What you need to do
The material below holds the lines to copy: from the one with "76. Seiko wristwatch" up to and including the one with "Schild am Ufer". Copy them exactly and skip the pictures.

Provided entries
=== Begin Enclosure ===
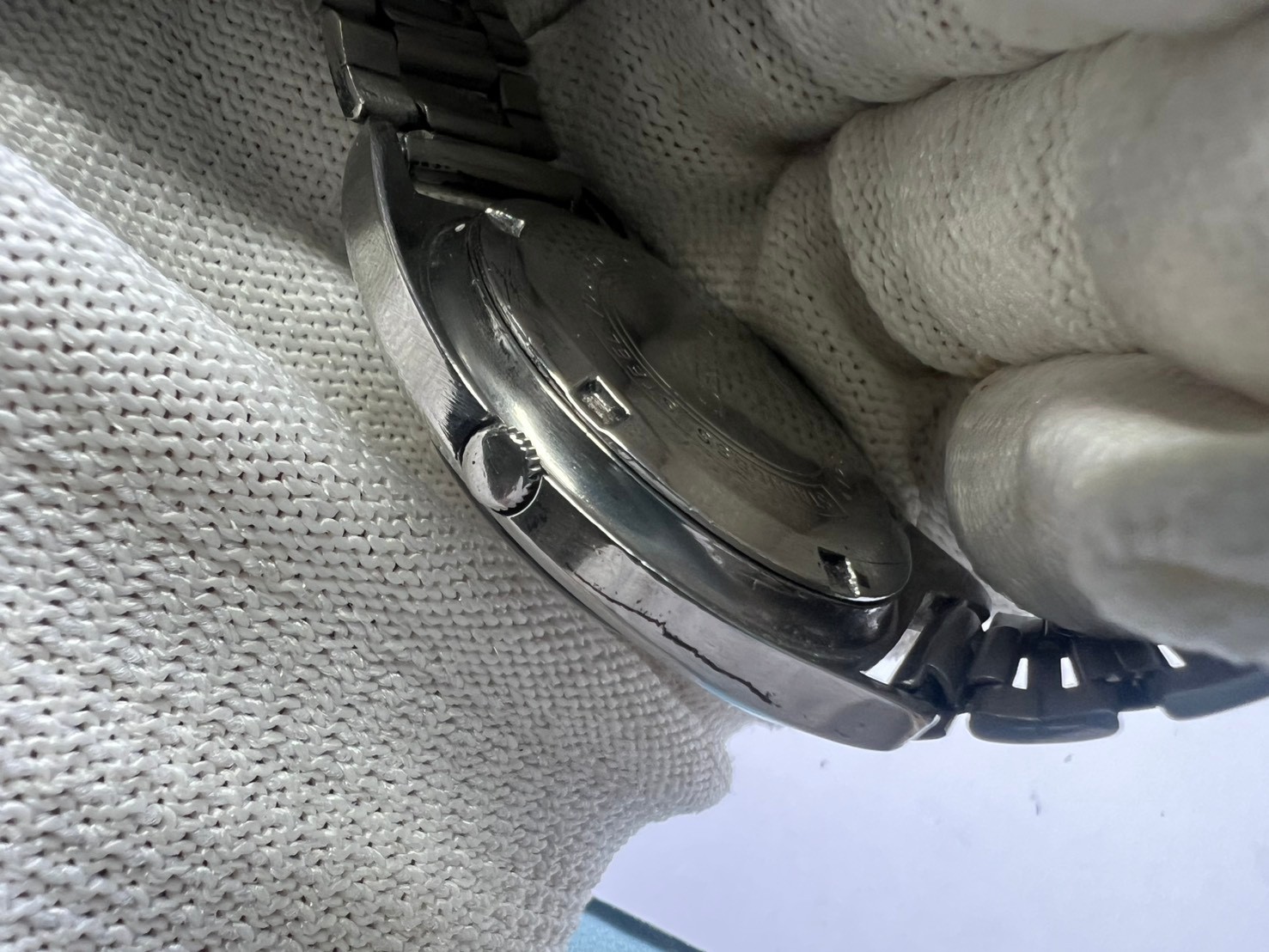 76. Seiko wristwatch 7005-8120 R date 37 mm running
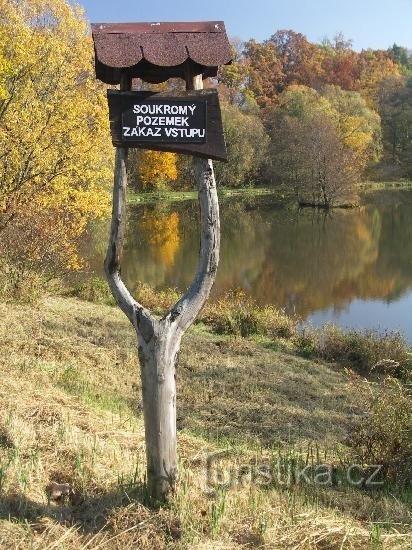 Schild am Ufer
=== End Enclosure ===
=== Begin Enclosure ===
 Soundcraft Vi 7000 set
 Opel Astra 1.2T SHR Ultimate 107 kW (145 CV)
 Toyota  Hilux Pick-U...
=== End Enclosure ===
=== Begin Enclosure ===
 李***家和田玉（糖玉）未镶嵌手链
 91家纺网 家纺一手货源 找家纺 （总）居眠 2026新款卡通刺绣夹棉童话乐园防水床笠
=== End Enclosure ===
Completed task
 76. Seiko wristwatch 7005-8120 R date 37 mm running
 Schild am Ufer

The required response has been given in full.